__EXERCISE DESCRIPTION__. Begin at the line containing "Джинсы для школьников, светло-голубой Disney" and retype each line through the end of the records exactly. Include nothing else and no pictures.

__INFORMATION__.

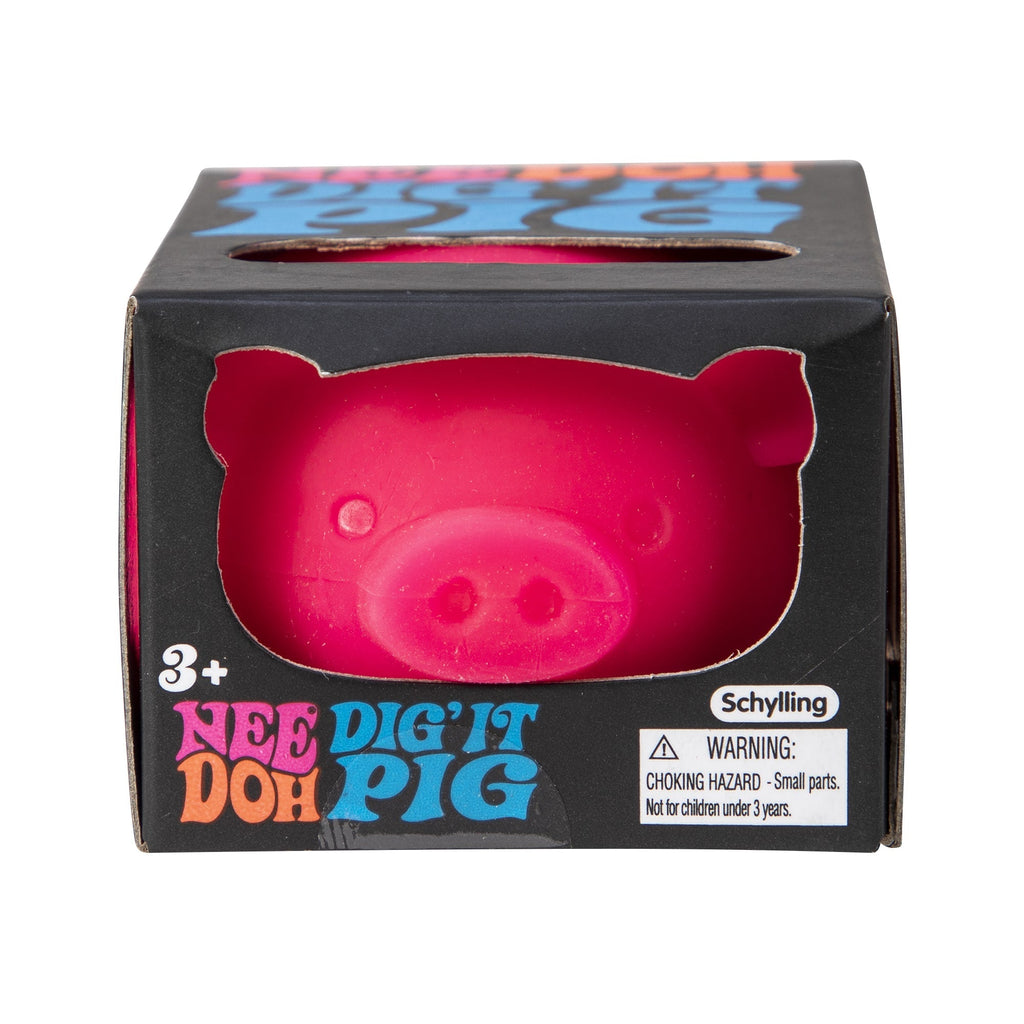 Purrfectly Squishy NeeDoh Dig’ It Pig | Select Velvet Canopy - Dino Character Malt-Gel Filled Sensory Glob Detail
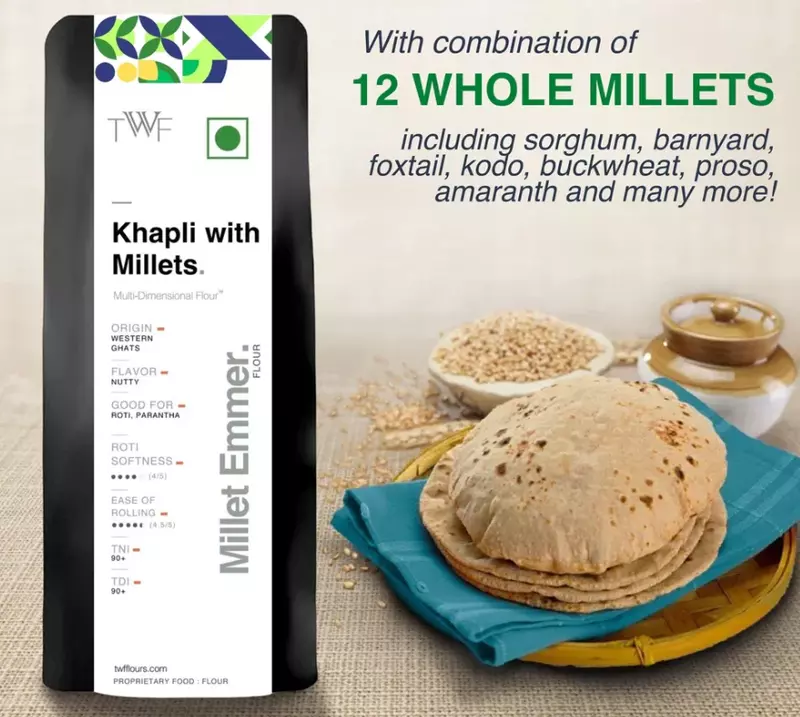 Khapli With Millets Flour 1 Kg - TWF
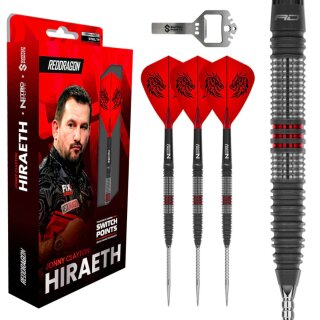 3er Set Steeldarts Red Dragon Jonny Clayton Hiraeth Switch Point 22 g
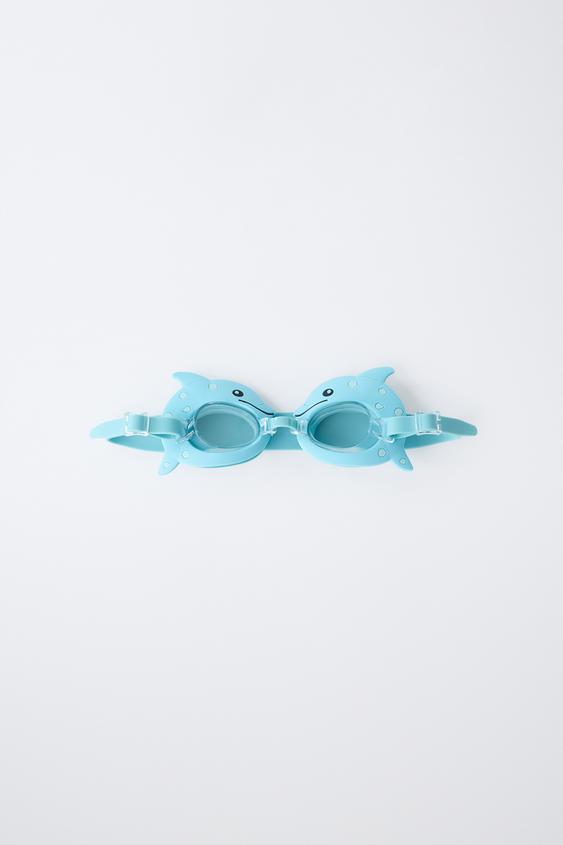 DOLPHIN SWIMMING GOGGLES - Light blue by Zara - Image 0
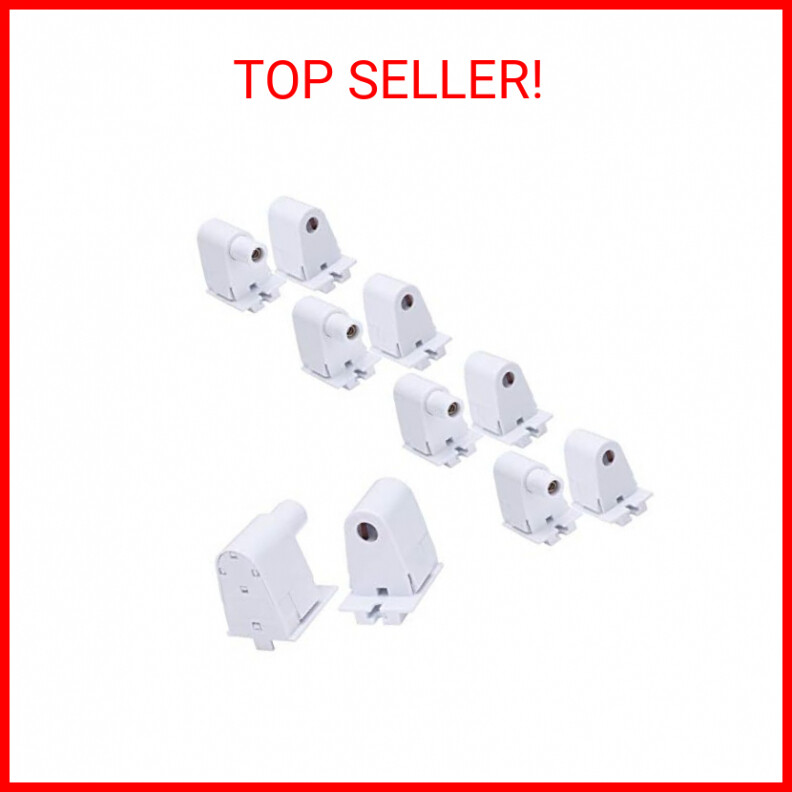 5 Pairs Tombstone Base Holder Socket Connector with T8 Single Pin FA8 8ft LED Bu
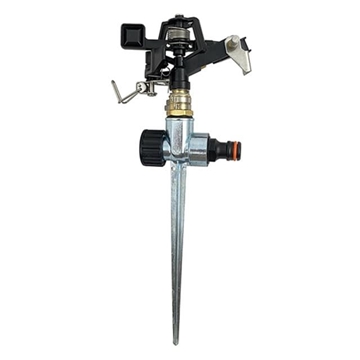 Aspersor de impacto metálico con estaca - 1/2" - Imagen 1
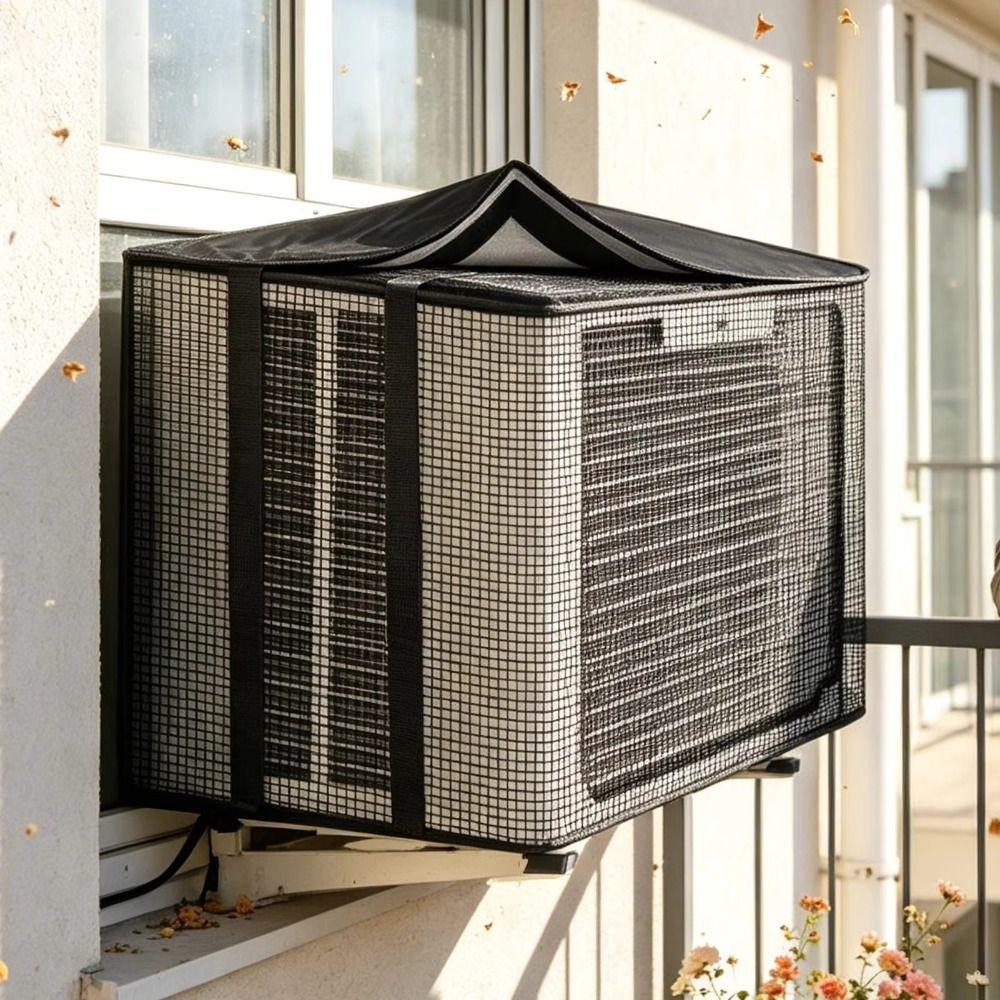 Mesh Mesh Window AC Cover Waterproof Rainproof Cover Outdoor Air Conditioning Cover Outdoor Use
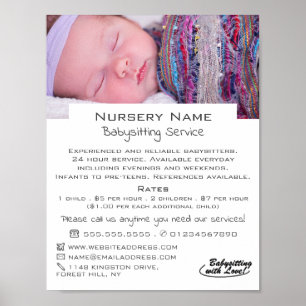 Poster Baby Sleeping Baby sitting, Garderie, Nourriture A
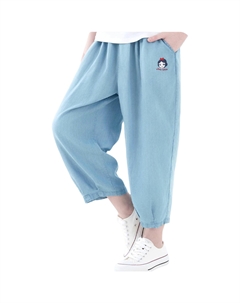 Джинсы для школьников, светло-голубой Disney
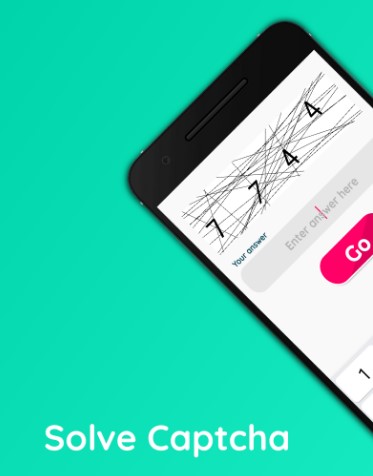 Make money by solving the captcha from Digiwards App.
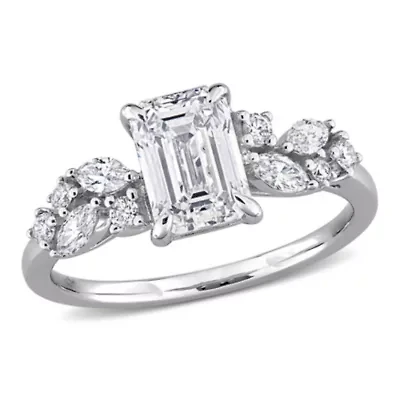 Lab Created Grown Diamonds Engagement Ring 14k White Gold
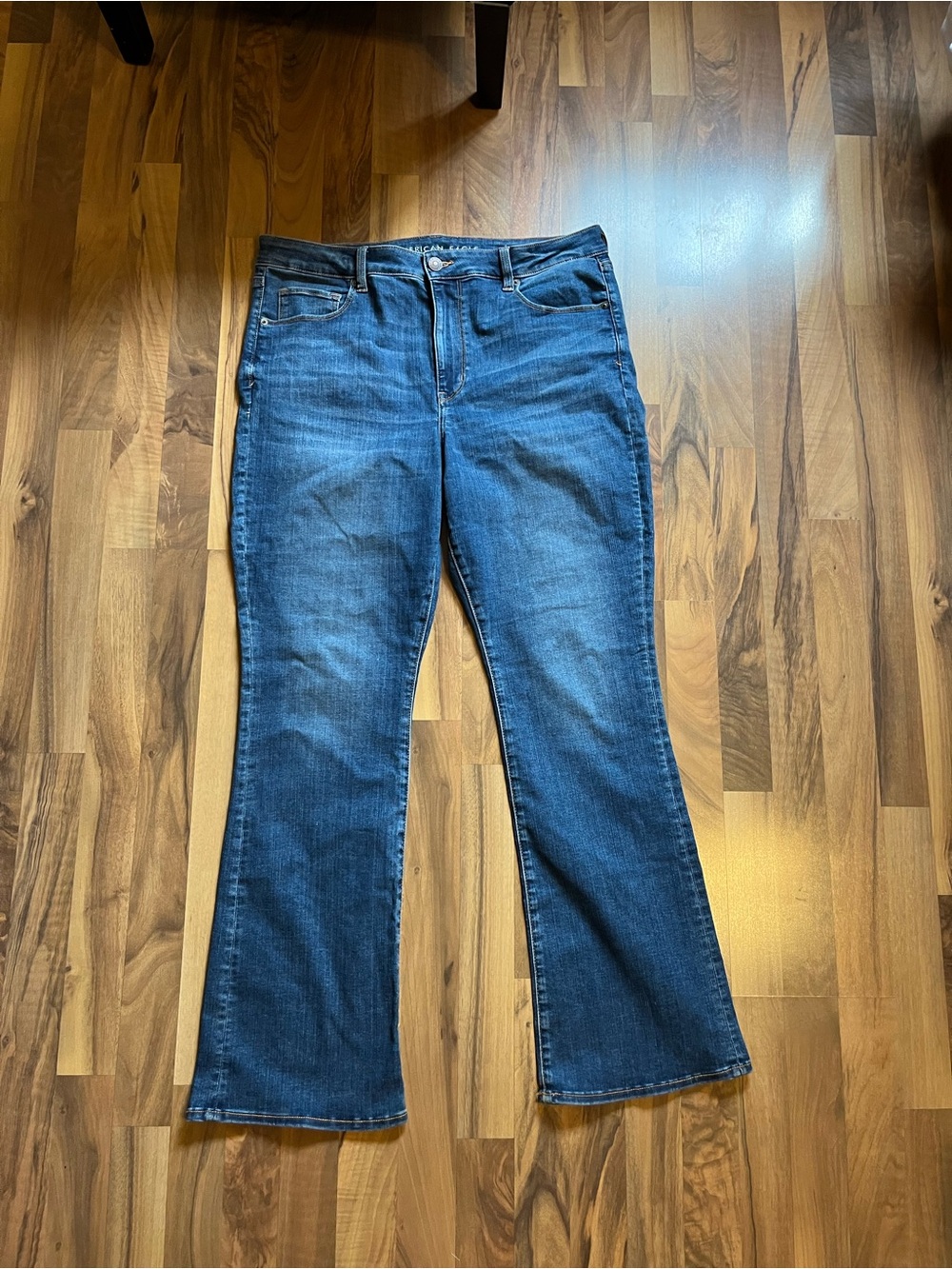 American Eagle Outfitters Dark Blue Flare Jeans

__RESULT FOR THIS TASK__.
 Джинсы для школьников, светло-голубой Disney
 Make money by solving the captcha from Digiwards App.
 Lab Created Grown Diamonds Engagement Ring 14k White Gold
 American Eagle Outfitters Dark Blue Flare Jeans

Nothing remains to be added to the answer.